Understanding and Using APPLY (Part 2)

  • Mike and Green Clay:

    Yes the ORDER BY in the CROSS JOIN example should be as you say - oddly it is only the image in the article that has this typo, the downloadable code is correct.

    Paul

  • More great stuff Paul, thanks!

    [font="Times New Roman"]-- RBarryYoung[/font], [font="Times New Roman"] (302)375-0451[/font] blog: MovingSQL.com, Twitter: @RBarryYoung[font="Arial Black"]
    Proactive Performance Solutions, Inc.
    [/font]
    [font="Verdana"] "Performance is our middle name."[/font]

  • Thank you Paul!

    You post it just when I needed to use the CROSS APPLY to process a XML file 🙂

  • Always great stuff from you, Paul.

    Well done.

    -- Gianluca Sartori

  • Nice article, Paul. With this and the previous one I think I'm beginning to understand apply (a feature I haven't yet used, but probably will sometime soon now that you have shown me how it can be used to express things in a nice clean modular fashion).

    Tom

  • After reading Part I last week I knew that Part II is going to be good, but I did not expect it to be this good! This was easy to understand, yet comprehensive and inviting further digging introduction to APPLY. Too bad that at work I have to work with SQL server 2005 at compat 80 databases, so utilizing it is not yet possible, but the day will come.

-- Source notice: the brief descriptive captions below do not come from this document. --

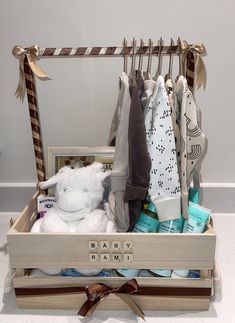 a baby hamper filled with clothes and toys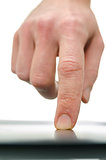 Front view of male finger using touch pad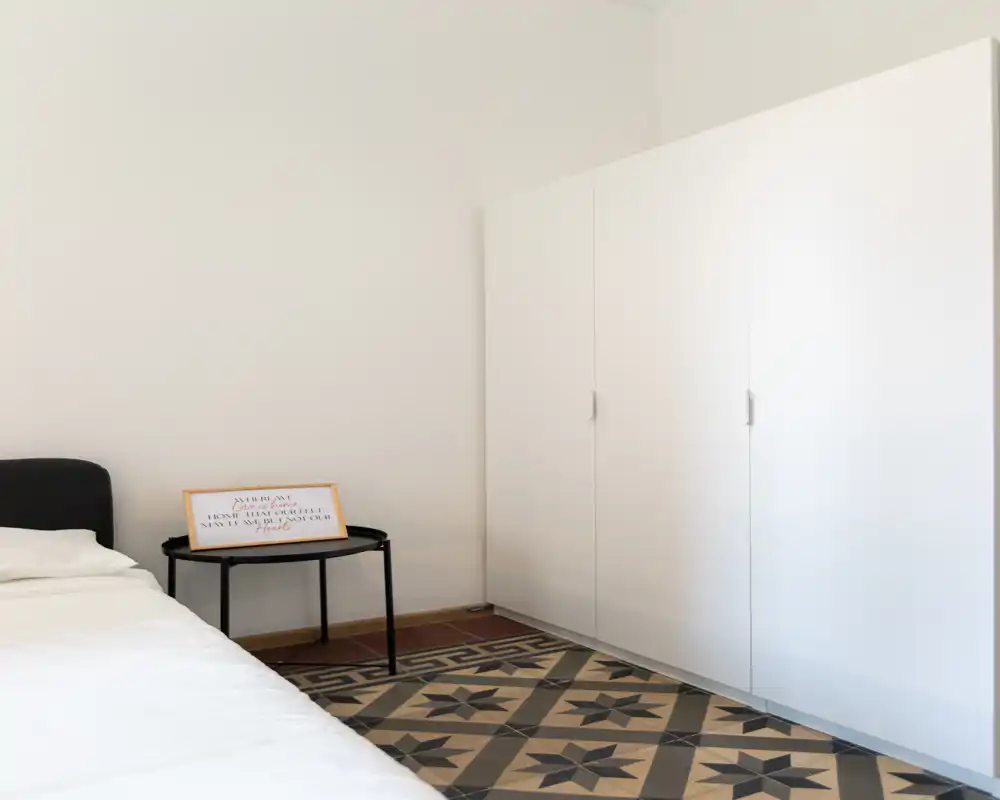 Camera da letto minimal con letto parzialmente visibile, piccolo comodino nero con cornice, grande armadio bianco e pavimento piastrellato decorato — ambiente luminoso, semplice e tranquillo.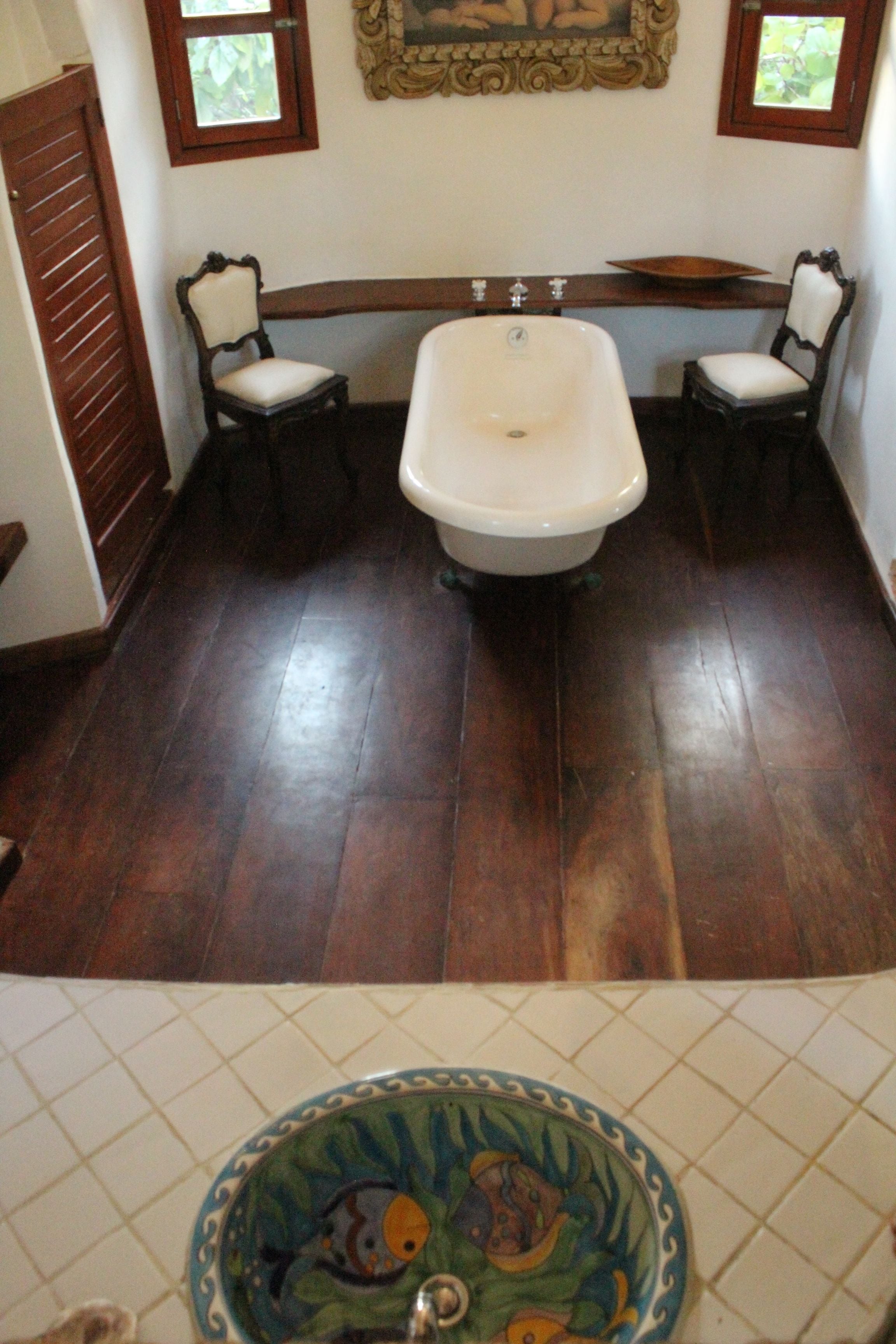 A bathroom with a bathtub, two chairs, a wooden floor, and a tiled sink area.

    Excellent work Paul, thank you.

    Oleg

  • Oleg Netchaev (4/20/2010)


    After reading Part I last week I knew that Part II is going to be good, but I did not expect it to be this good!

    Thank you very much! I hope you manage to break free from 2000-compatibility mode soon.

    My thanks also to Tom Thompson, Gianluca, JoseP, Barry, UMG, Lutz, Steve, Jason, ckuroda, Tom Garth, Trey, Wayne, dbowlin, Clement, and Peter for all the kind comments.

    I am considering a Part III, to cover some specific cases where APPLY can produce solutions which are more efficient than any other method...we'll see.

    Paul

  • Paul White NZ (4/20/2010)


    I am considering a Part III, to cover some specific cases where APPLY can produce solutions which are more efficient than any other method...we'll see.

    Paul

    Wow, thats a great news... APPLY is something i have not applied at all in any of my code and now i think i will start applying it 😀

    Thanks Paul for nice pieces of cake, waiting to eat the third piece soon :hehe:.Great job!!

    ~Edit : Cleared some mess i made in the Quote!

  • I too would like to see more information on exactly what is required for the optimizer to be able to translate APPLY to a JOIN so it can use something other than NESTED LOOP joins. I have cleaned up some performance messes where devs went hog-wild on APPLIES and got crushed with kajillion-row loops. But I don't use nor know enough about APPLY to be as helpful as a consultant as I should be. I definitely look forward to the third article you mention!!

    BTW Paul, would you mind if I took this material and made a presentation out of it to give at user group meetings and SQL Saturdays? I would of course give you credit for the work!!

    Best,
    Kevin G. Boles
    SQL Server Consultant
    SQL MVP 2007-2012
    TheSQLGuru on googles mail service

  • TheSQLGuru (4/22/2010)


    I too would like to see more information on exactly what is required for the optimizer to be able to translate APPLY to a JOIN so it can use something other than NESTED LOOP joins. I have cleaned up some performance messes where devs went hog-wild on APPLIES and got crushed with kajillion-row loops. But I don't use nor know enough about APPLY to be as helpful as a consultant as I should be. I definitely look forward to the third article you mention!!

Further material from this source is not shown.